C++ is practical, yet sometimes scary. C is outright frightening. If someone writes code in C++, they must be smart. If someone writes code in C, they must be crazy (well, at least I am.)

But still, C—with its guts full of eldritch horrors—is the lingua franca of programming and the most portable assembly language.

C is readable enough to most programmers, because most mainstream languages are C progenies. Pointers and macros are loathsome, but they are rare enough (are they?) to ignore.

So how scary can C code get? Not as a production use, but rather as an exercise in aesthetics. This post goes through a set of things that can convolute/obfuscate C code, from the minute details to critical readability losses.

Note that some obvious things like

are not mentioned to leave space for the scarier ones.

Test Program

I'm going to use a slightly modified C version of Trabb Pardo Knuth algorithm from Wikipedia because it's small enough while still showcasing most of C constructs/features:

 #include <math.h>;
 #include <stdio.h>;
double f (double t)
{
    return sqrt(fabs(t)) + 5 * pow(t, 3);
}
void tpk (void)
{
    double y, a[11] = {0};
    for (int i = 0; i < 11; i++)
        scanf("%lf", &a[i]);
    for (int i = 10; i >= 0; i--)
        if ((y = f(a[i])) > 400)
            printf("%d TOO LARGE\n", i);
        else
            printf("%d %.16g\n", i, y);
}
int main (void)
{
    tpk();
    return 0;
}
Trabb Pardo Knuth algorithm implementation in C

Benign: Indentation and Bracket Placement Style

Two of four spaces? Eight? Or three, maybe? Or—God almighty—tabs? C code styles are numerous and these styles have only one thing in common: all the styles are mutually incompatible and un-aesthetic. No matter which style one prefers—they're delusional and wrong, at least to the ones exhorting another style.

I use Linux kernel style, which might make you scream from the 8 spaces-wide tabs. But I'm not surrendering it.

As a matter of example, I'll use the Pico indentation style (four/five spaces) and bracket placement (before the first expression and after the last one.) Plus added spaces mimicking the Glib style: ¶

double
f (double t)
{ return
    sqrt (fabs (t)) + 5 * pow (t, 3); }
Sub-function of TPK algorithm re-indented in Pico style

Ugh, block scope and control flow are illegible now.

Confusing: Subscripts

A queer behavior of the standard array subscripts: the index and array parts can be swapped:

double a[11] = {0}, y;
for (int i = 0; i < 11; i++)
    scanf ("%lf", &i[a]);
Inner loop code with confusingly reversed array subscripts

This reversal is modest, but nonetheless galling.

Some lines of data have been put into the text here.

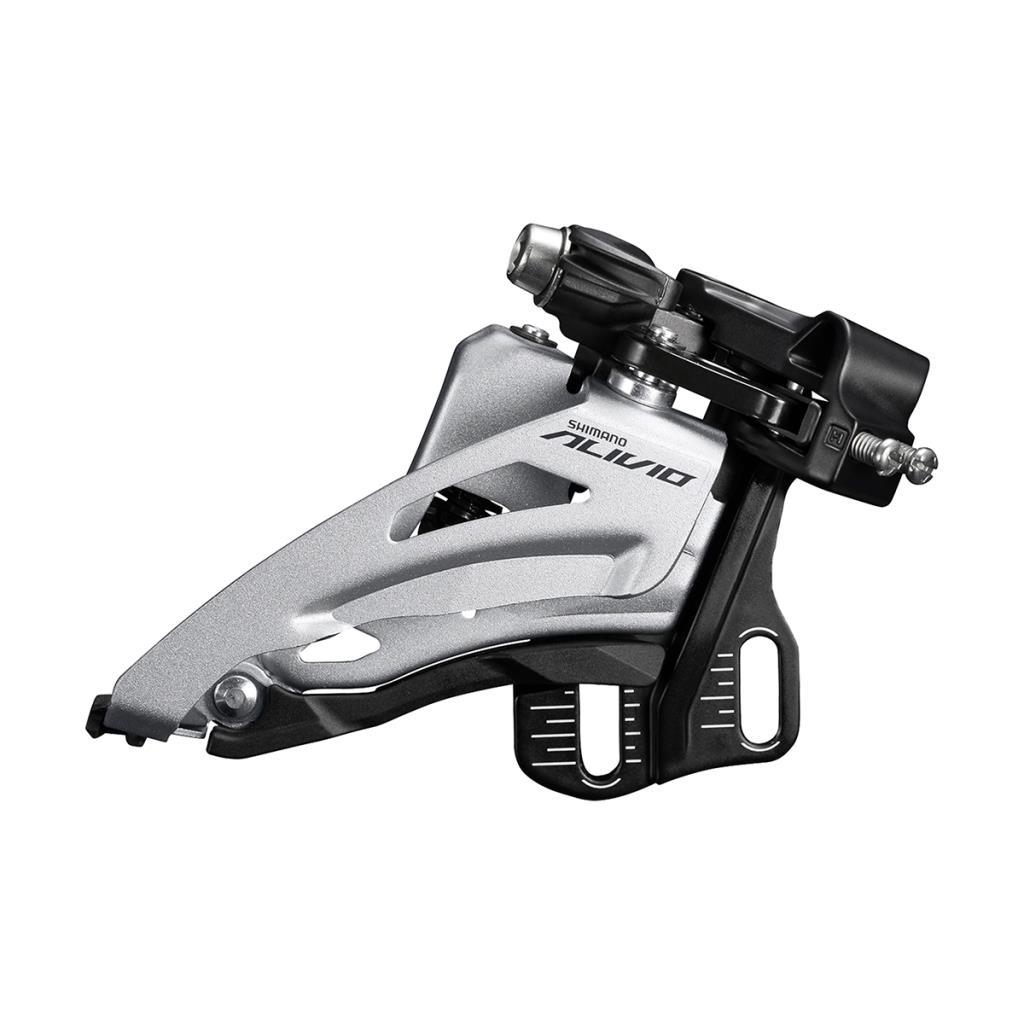 Shimano Alivio FD-M3120-E Yan Salınım Ön Aktarıcı 2X9V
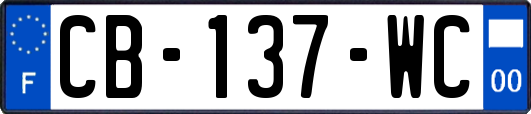CB-137-WC
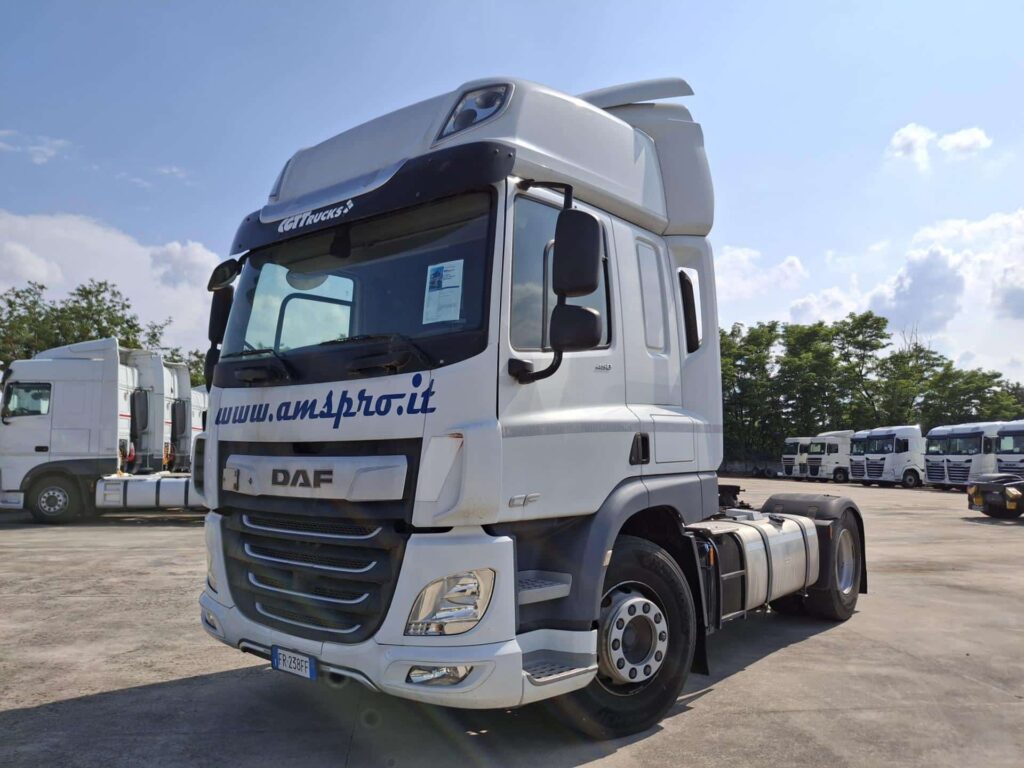 truck CF450SLH FR238FF 36710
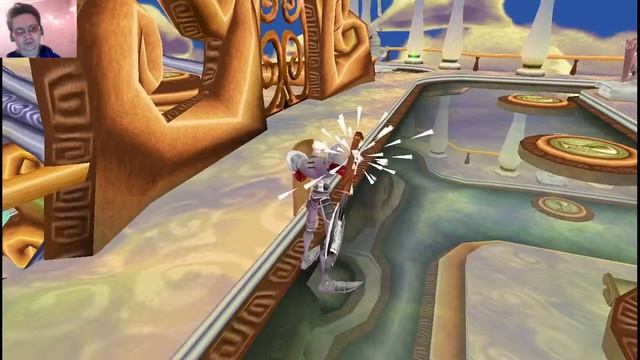 Прохождение MediEvil: Resurrection ,часть 6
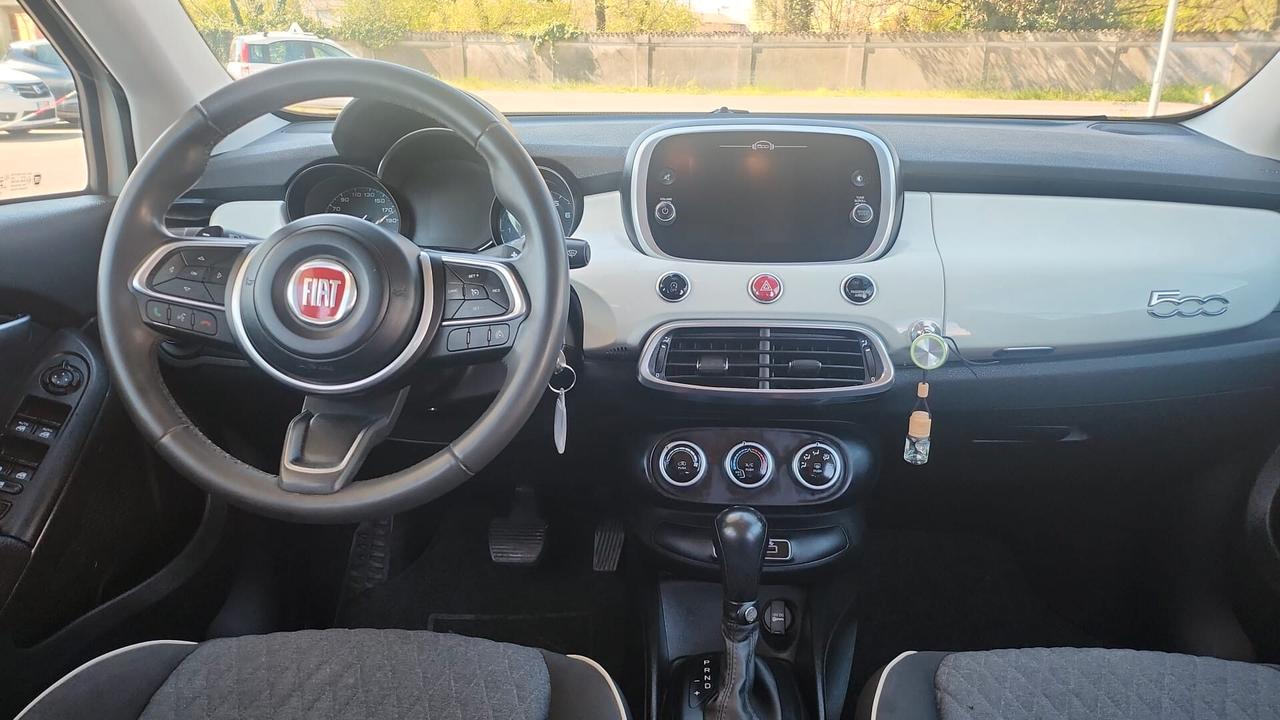 Fiat 500X 1.3 T4 150 CV DCT Cross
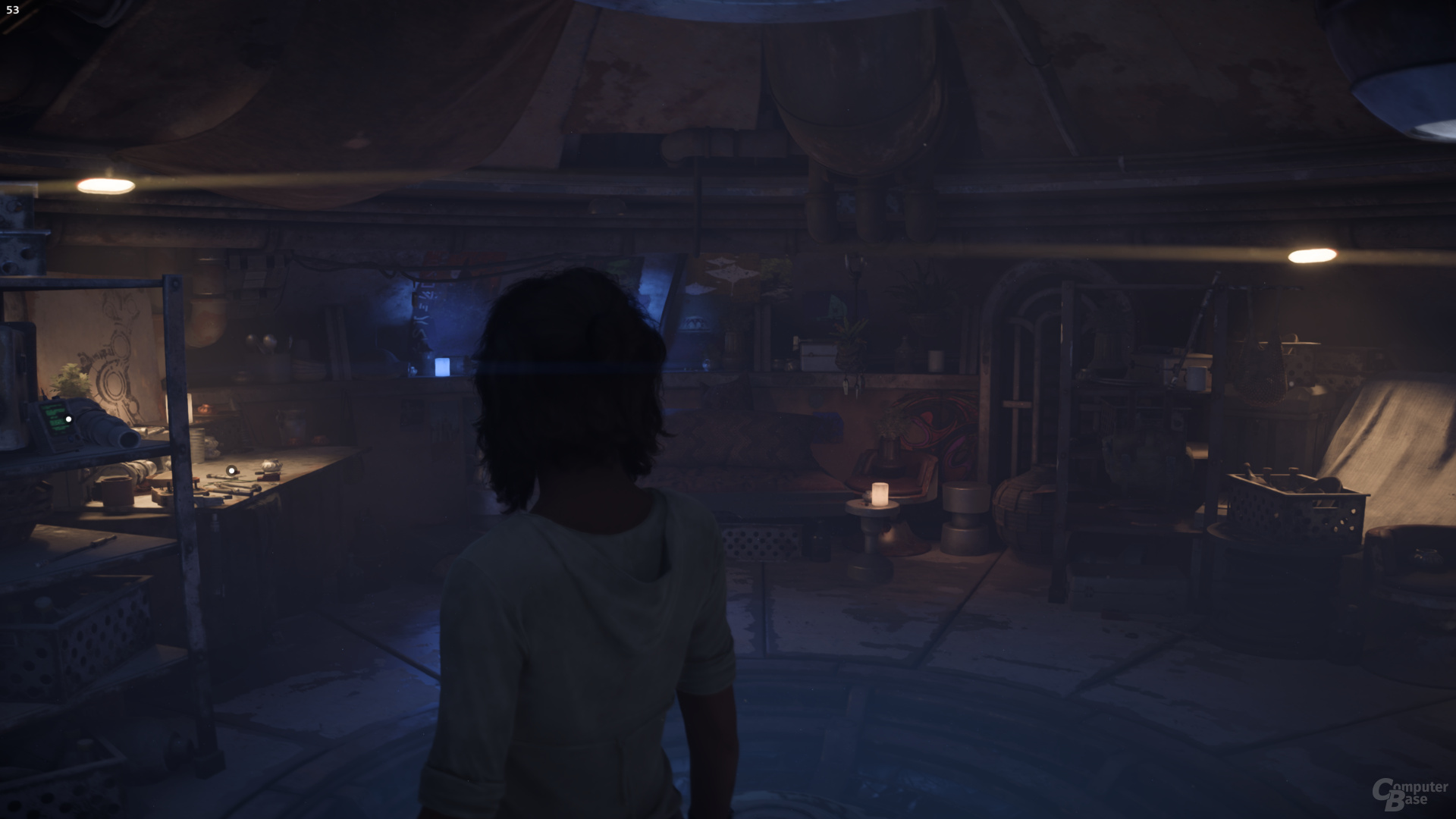 DLSS Ray Reconstruction Aus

An exercise to the reader: can you find the exact spot where the subscript is reversed?

Antiquated: K&R style

That's where the post gets shuddery. K&R style, or, as they call it, "I don't understand old C code".

double
f(t)
double t;
{ return
    sqrt (fabs (t)) + 5 * pow (t, 3); }
A function rewritten with types after the parameter list

This style

Luckily, C23 finally removes it, after more than thirty years of yielding to the horror and maintaining it in deprecated status.

Smart: Recursion

Reordering and refactoring functions is always fun. So how about turning all the for-loops into recursion? Recursion is cool, I've heard. So here's a recursive rendering of the number printing loop:

void
print_nums(a, i)
double *a;
int i;
{ if (i < 0)
         return;
     double y = f (i[a]);
     if (y > 400)
         printf ("%d TOO LARGE\n", i);
     else
         printf ("%d %.16g\n", i, y);
     print_nums (a, --i); }
Number printing loop refactored as a recursive function folded over an array

Five more code lines, lots of stack frames (unless you have tail call elimination), and overall less comprehensible control flow. Yay!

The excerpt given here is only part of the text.